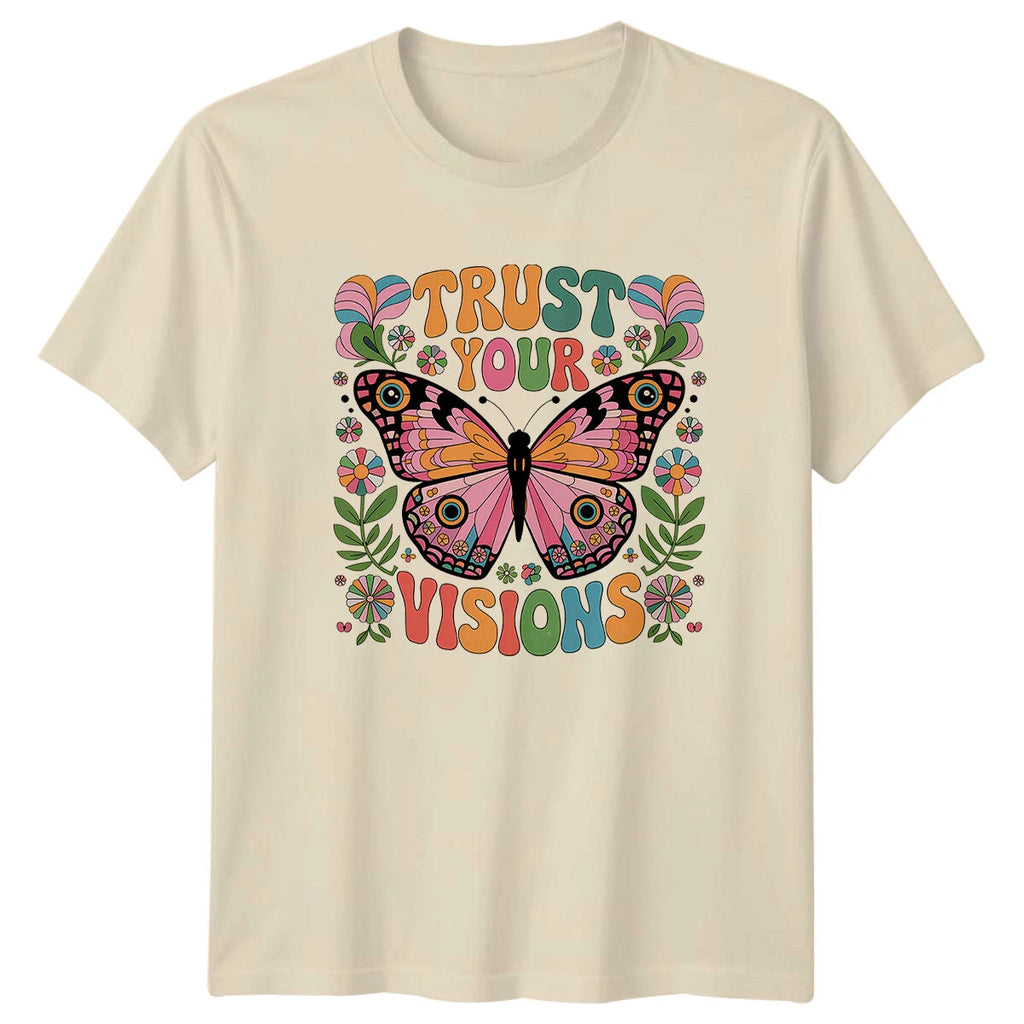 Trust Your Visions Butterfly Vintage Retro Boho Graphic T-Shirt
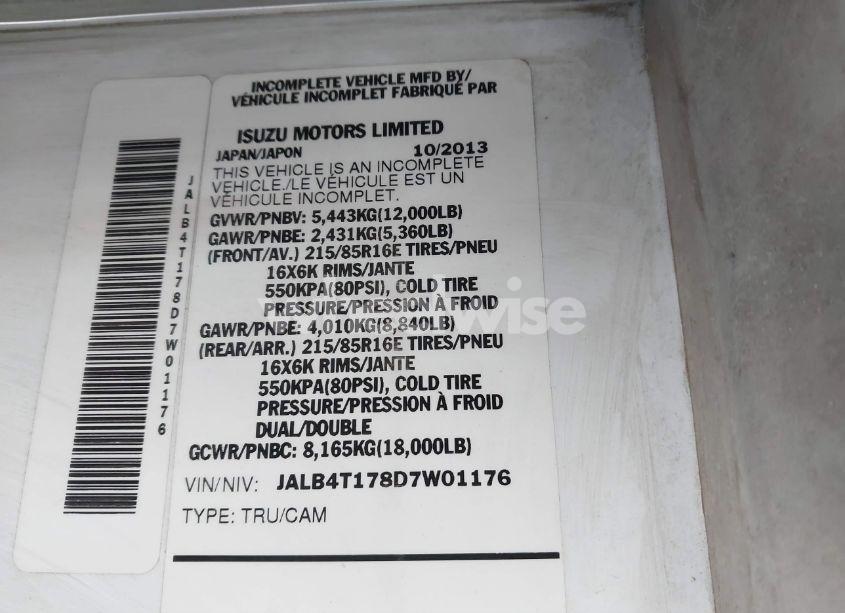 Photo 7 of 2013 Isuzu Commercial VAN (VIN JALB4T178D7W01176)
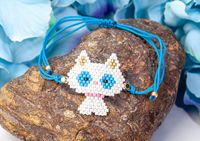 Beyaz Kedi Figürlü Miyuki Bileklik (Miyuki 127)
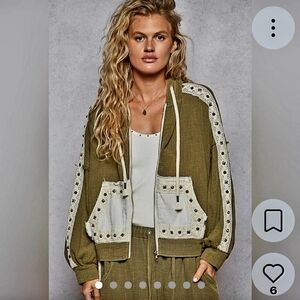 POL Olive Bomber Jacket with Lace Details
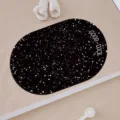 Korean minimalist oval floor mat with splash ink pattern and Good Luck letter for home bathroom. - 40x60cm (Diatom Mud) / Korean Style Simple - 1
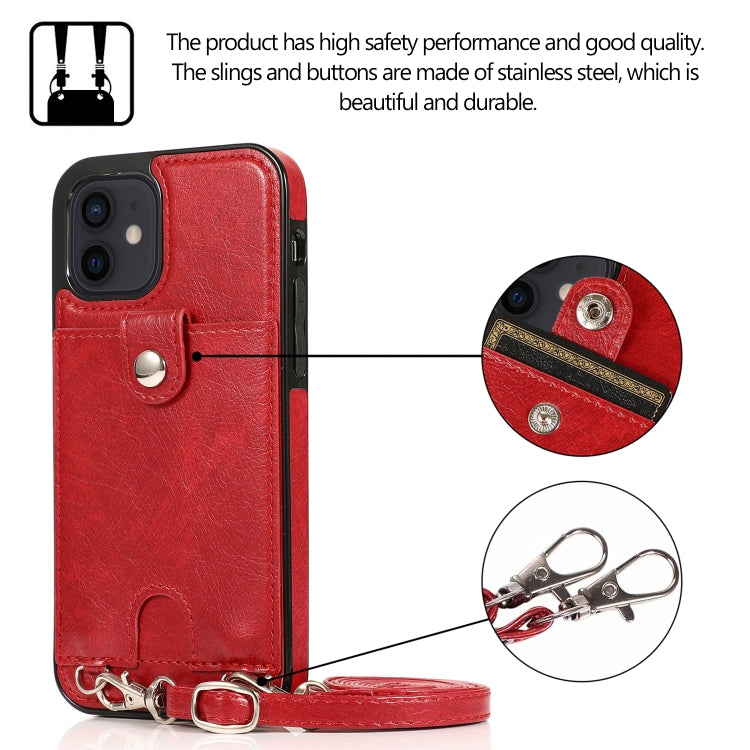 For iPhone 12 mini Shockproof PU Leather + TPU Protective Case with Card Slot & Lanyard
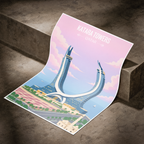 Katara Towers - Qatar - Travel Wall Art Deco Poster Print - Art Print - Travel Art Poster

----

| What is expected |
Before you return the listing exactly, strip out its pictures.

| Solution for this task |
 Trust Your Visions Butterfly Vintage Retro Boho Graphic T-Shirt
 Photo 7 of 2013 Isuzu Commercial VAN (VIN JALB4T178D7W01176)
 Beyaz Kedi Figürlü Miyuki Bileklik (Miyuki 127)
 POL Olive Bomber Jacket with Lace Details
 Korean minimalist oval floor mat with splash ink pattern and Good Luck letter for home bathroom. - 40x60cm (Diatom Mud) / Korean Style Simple - 1
 For iPhone 12 mini Shockproof PU Leather + TPU Protective Case with Card Slot & Lanyard
 Katara Towers - Qatar - Travel Wall Art Deco Poster Print - Art Print - Travel Art Poster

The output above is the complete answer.